VG2 Site Clustering

Given two biallelic SNPs (A and B) each with two alleles (A1/A2 and B1/B2 respectively) there are 9 possible two site genotypes (Table 1).

Table 1: Two site genotypes (diplotypes)

 

Site B genotype

 

 

B1B1

B1B2

B2B2

Site A genotype

A1A1

A1A1B1B1

A1A1B1B2

A1A1B2B2

A1A2

A1A2B1B1

A1A2B1B2*

A1A2B2B2

A2A2

A2A2B1B1

A2A2B1B2

A2A2B2B2

 

For eight of nine possible two-site genotypes, the underlying haplotypes are unambiguous.
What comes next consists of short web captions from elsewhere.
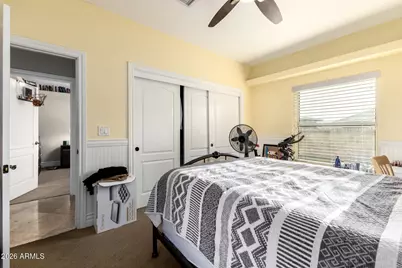 2530 N Hall --, Mesa, AZ 85203 - Photo 33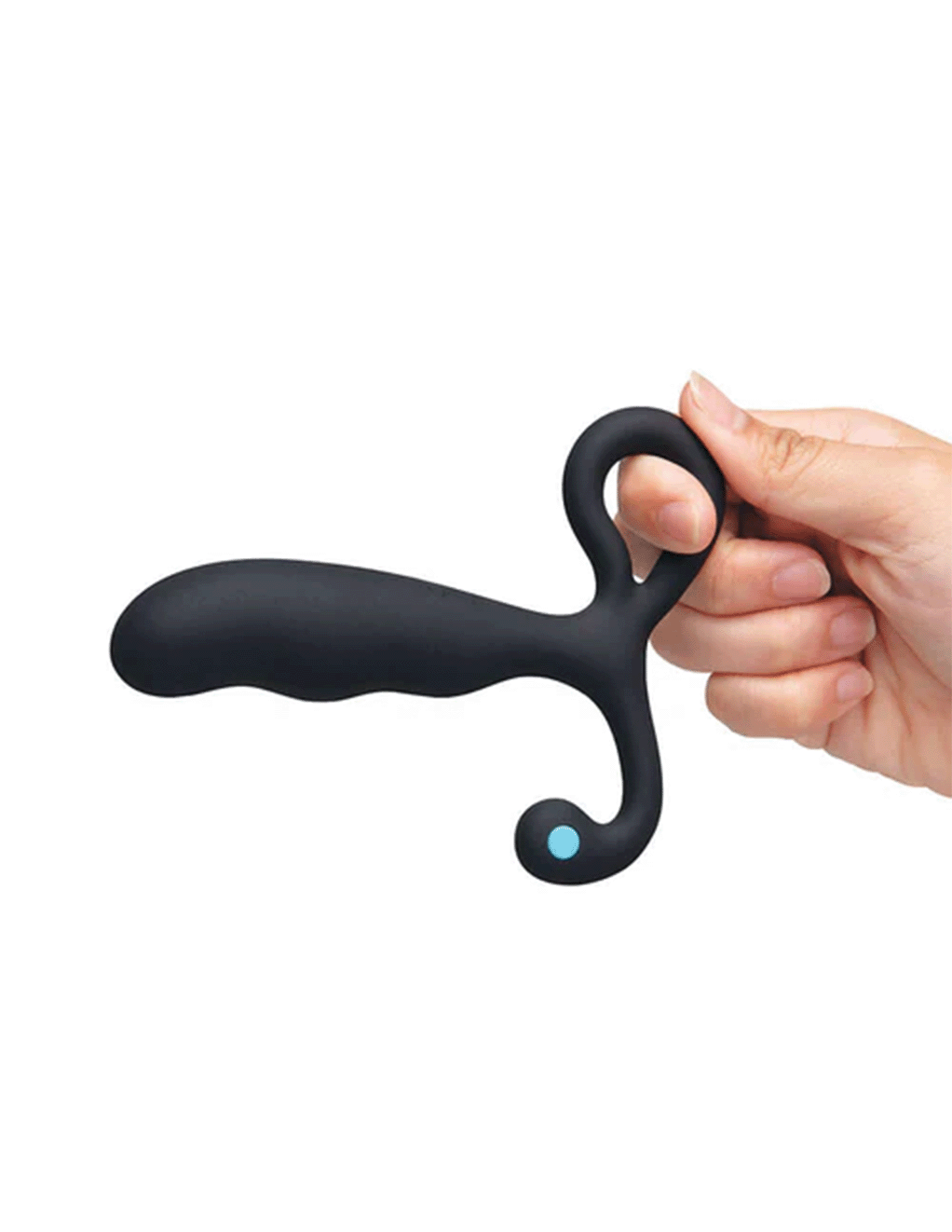 b-Vibe P-Spot Vibing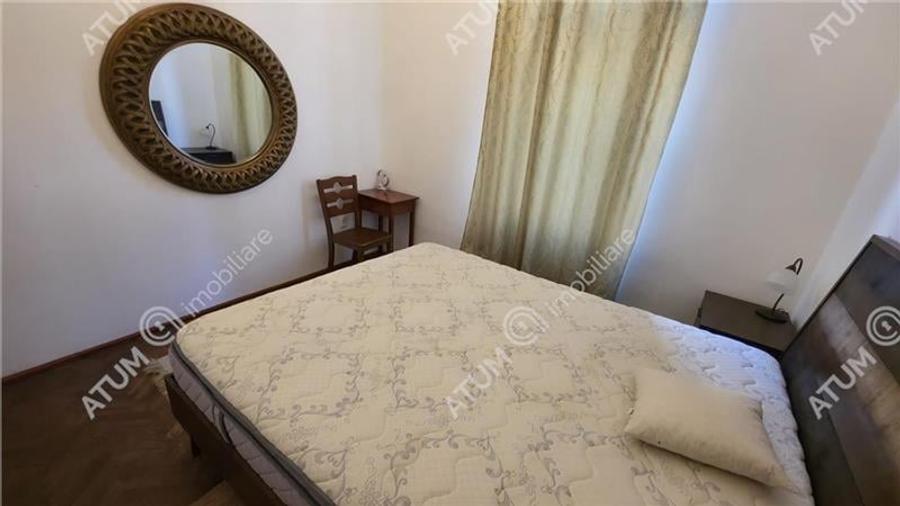 Apartament cu 3 camere in zona Centru Istoric din Sibiu - 16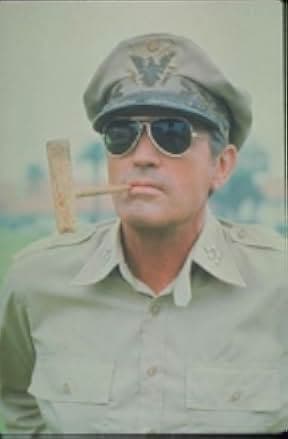 MacArthur 1977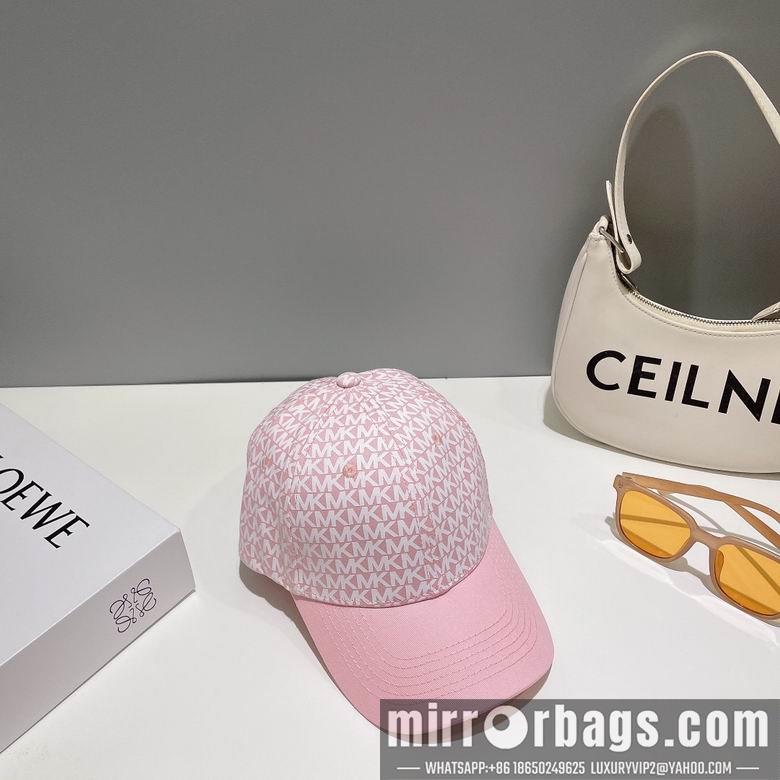 Replica MK Cap dxn01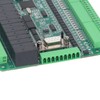Programmable Logic Controller Relay PLC Industrial Control Board 32 Input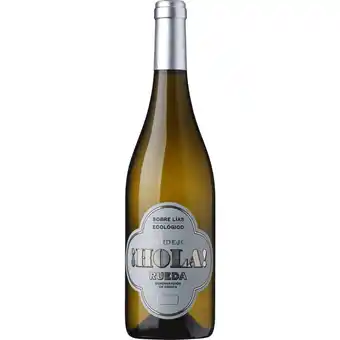 Albert Heijn Hola! Verdejo rueda aanbieding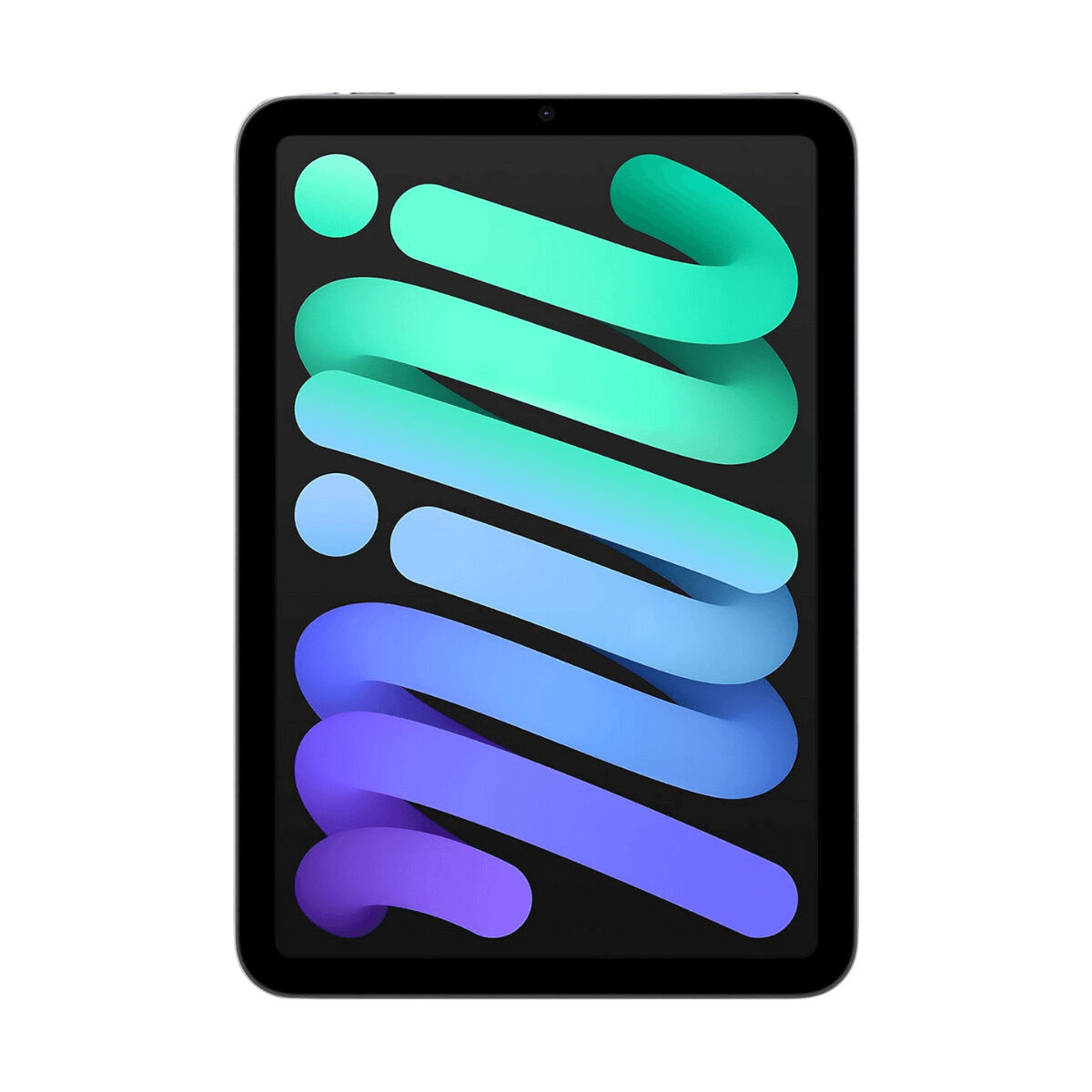 Tablet Apple mini Octa Core 4 GB RAM 64 GB Gris 8,3"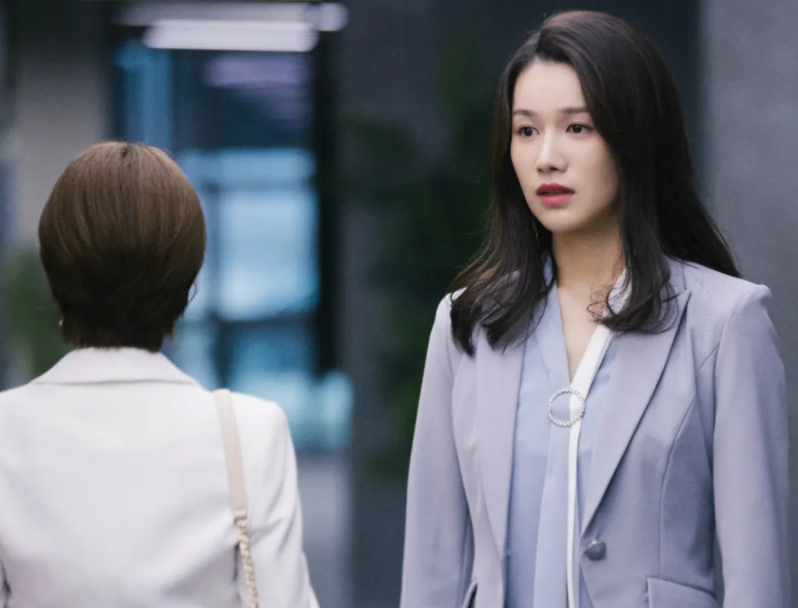 紧急公关|《紧急公关》职场正剧,用全新的题材冷门的职业,展现众生相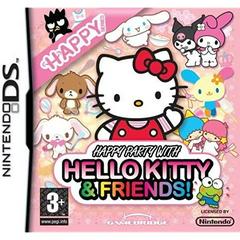Happy Party with Hello Kitty and Friends PAL Nintendo DS Prices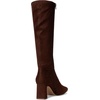 image:imageSteve Madden Womens Hunny BootsBrown Wide Calf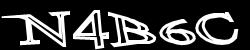 CAPTCHA code image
Only for the double heterozygote* are the underlying haplotypes unknown: both A1B1/A2B2 and A1B2/A2B1 are consistent with diplotype A1A2B1B2. Using the unambiguous haplotypes the ambiguous haplotypes may easily be inferred (1), allowing us to pursue analysis at the haplotype level.

 

Table 2: Two site haplotypes

 

Site B Allele

 

 

B1

B2

Site A Allele

A1

A1B1

A1B2

A2

A2B1

A2B2

 

Based on the inferred haplotype frequencies, the linkage disequilibrium statistic r2 describes how similar patterns of genotype are for any pair of SNPs.

 

In order to cluster sites, we calculate r2 for all pairs of sites in a file, and then cluster sites such that sites with similar patterns of genotype (high r2) are shown near one another. We use an unweighted average linkage algorithm (UPGMA) to generate a hierarchical tree of cluster relationships (2). UPGMA initially groups closely related pairs of sites into clusters, and then closely related clusters of sites into larger clusters, until all sites are in a single cluster.  Frequently this results in a visual genotype that appears to divide rare sites from frequent sites, but this is an artifact attributable to the fact that most samples at rare sites are homozygous for the common allele, and therefore are more similar to one another than to higher frequency sites.

 

1. Hill, W.G. Estimation of linkage disequilibrium in randomly mating populations. Heredity 33: 229-239, 1974.

2. Sneath, P.H.A. & Sokal, R.R. 1973. Numerical Taxonomy. W.H. Freeman and Company, San Francisco, pp 230-234.